(To do) Extract, exactly as written, the line that contains "На Мариупольском направлении" and all lines after it through the end of the records. Omit pictures.

[Crawled caption data]

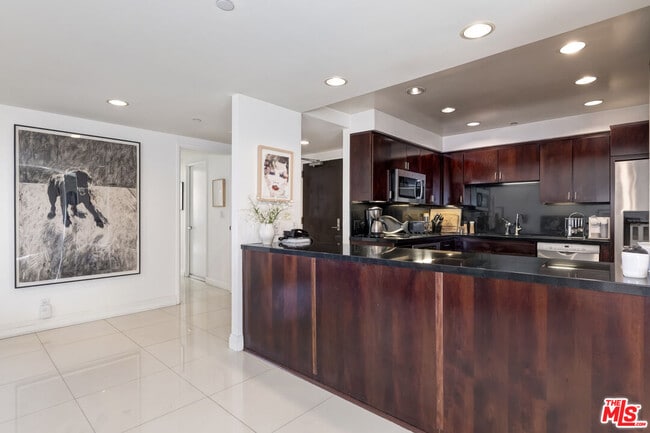 Photo - 10445 Wilshire Blvd Unit 905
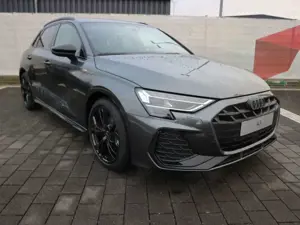 Audi A3 S line TFSI S tronic*AHK*MATRIX*ACC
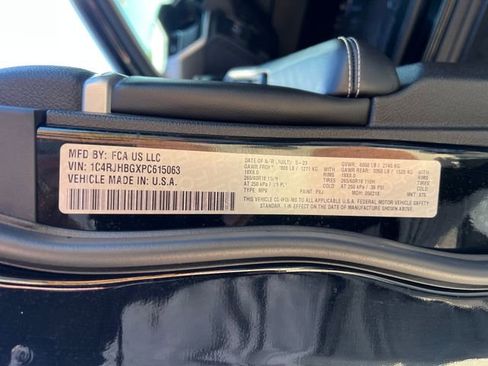 Used 2023 Jeep Grand Cherokee Limited AWD/4WD image 30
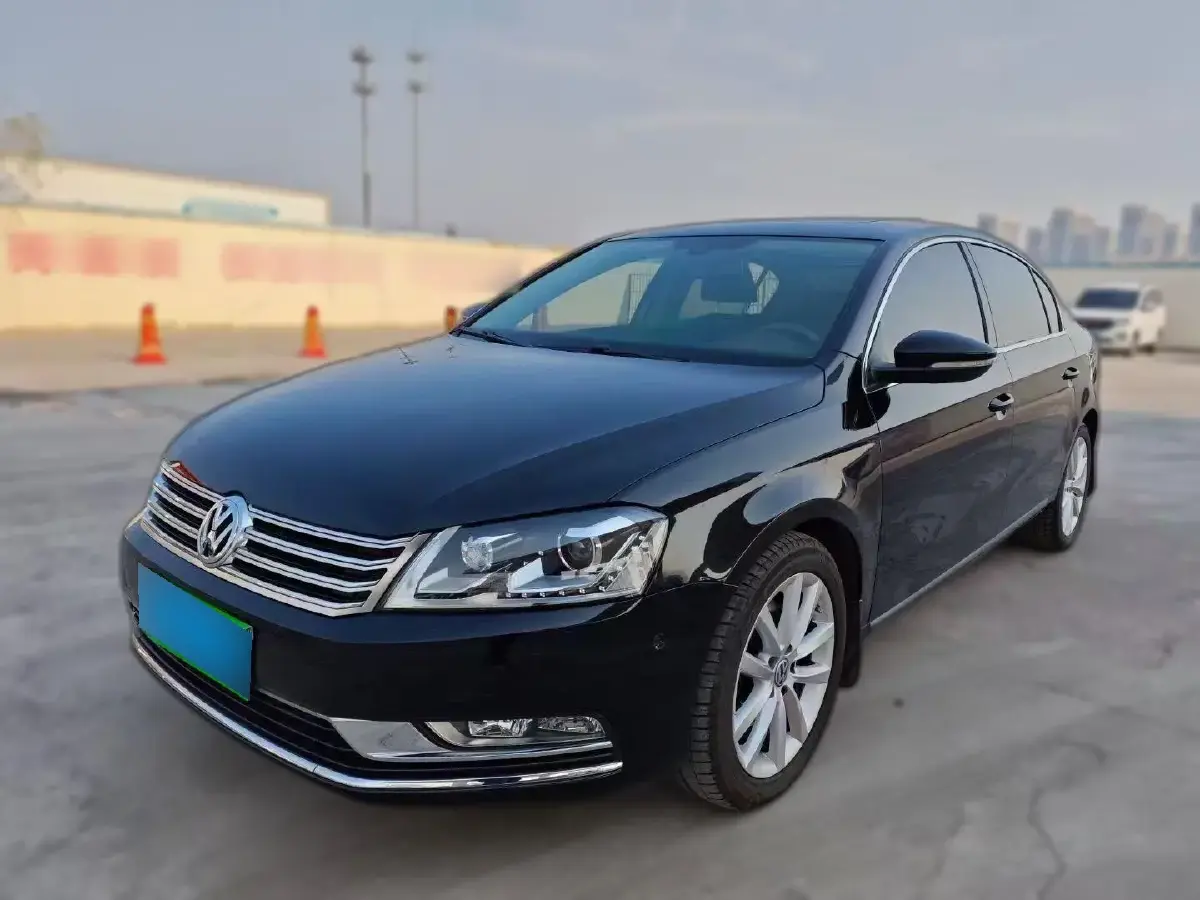 2013 Volkswagen Magotan 2.0T 200HP L4 6DCT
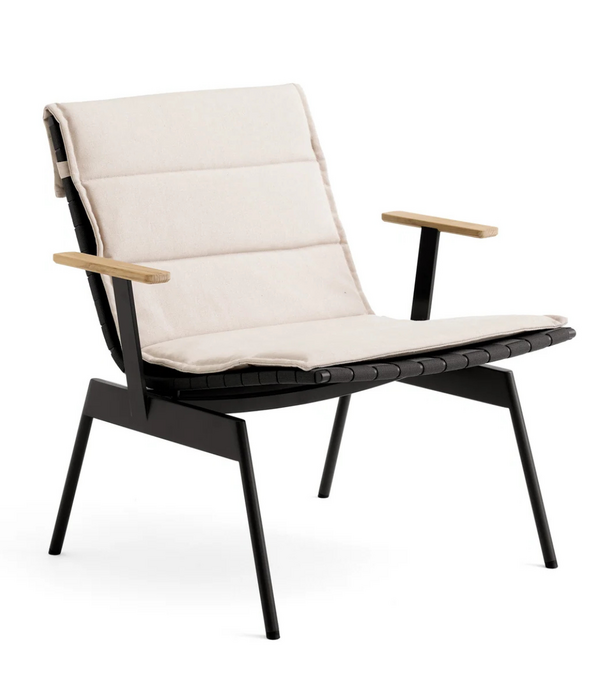 &Tradition Ville AV45 outdoor lounge armchair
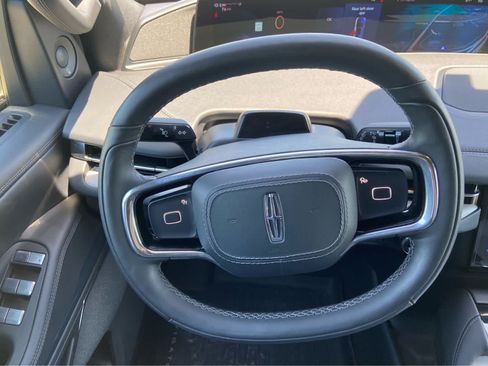 Used 2025 Lincoln Navigator Reserve w/ Jet Appearance Package AWD/4WD image 27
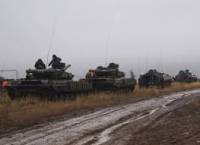 На Мариупольском направлении Россия перебрасывает боевую технику и спецов по ее обслуживанию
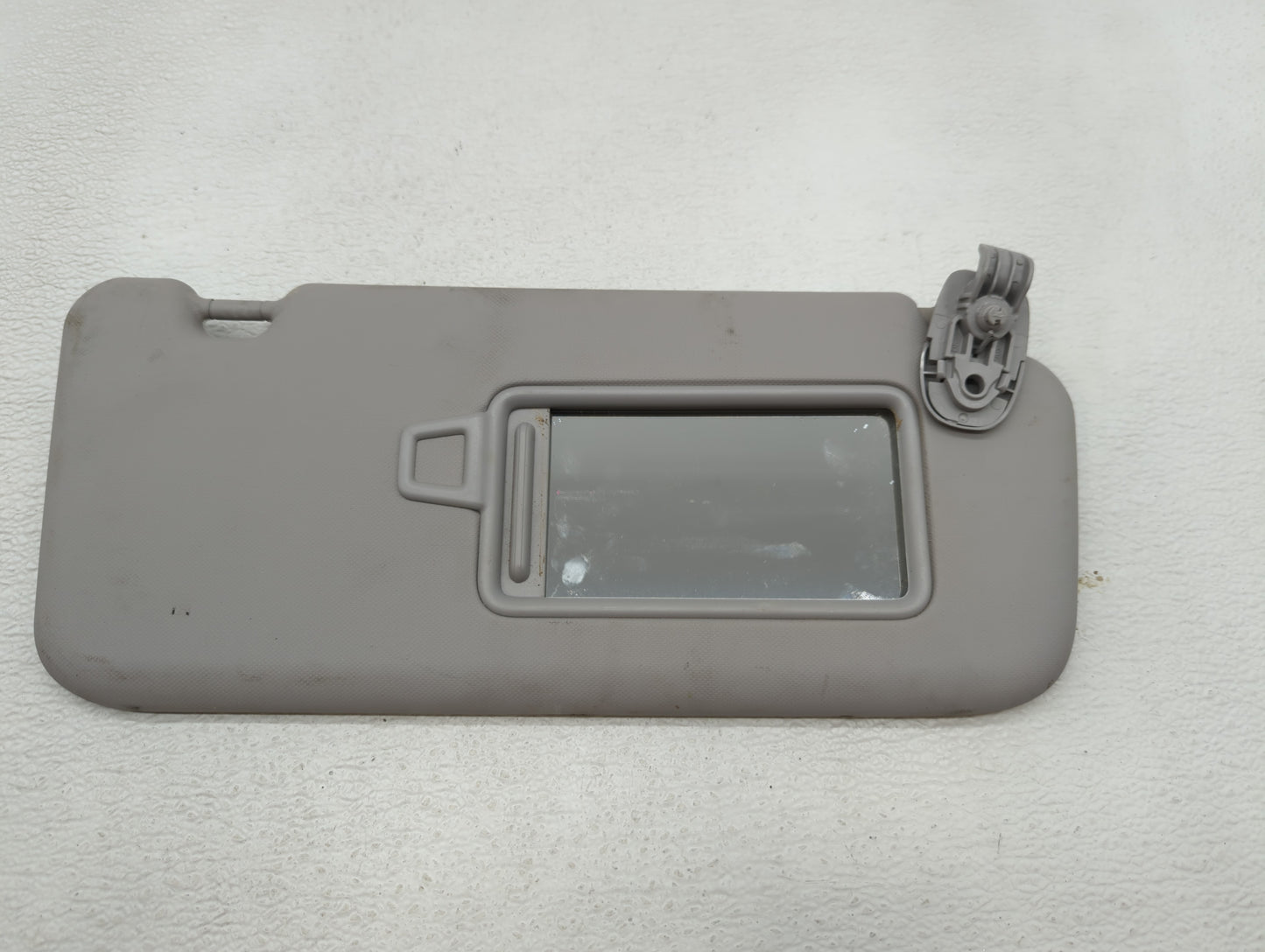 2022 Hyundai Kona Sun Visor Shade Replacement Passenger Right Mirror Fits OEM Used Auto Parts - Oemusedautoparts1.com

(Solved problem)
 На Мариупольском направлении Россия перебрасывает боевую технику и спецов по ее обслуживанию
 2022 Hyundai Kona Sun Visor Shade Replacement Passenger Right Mirror Fits OEM Used Auto Parts - Oemusedautoparts1.com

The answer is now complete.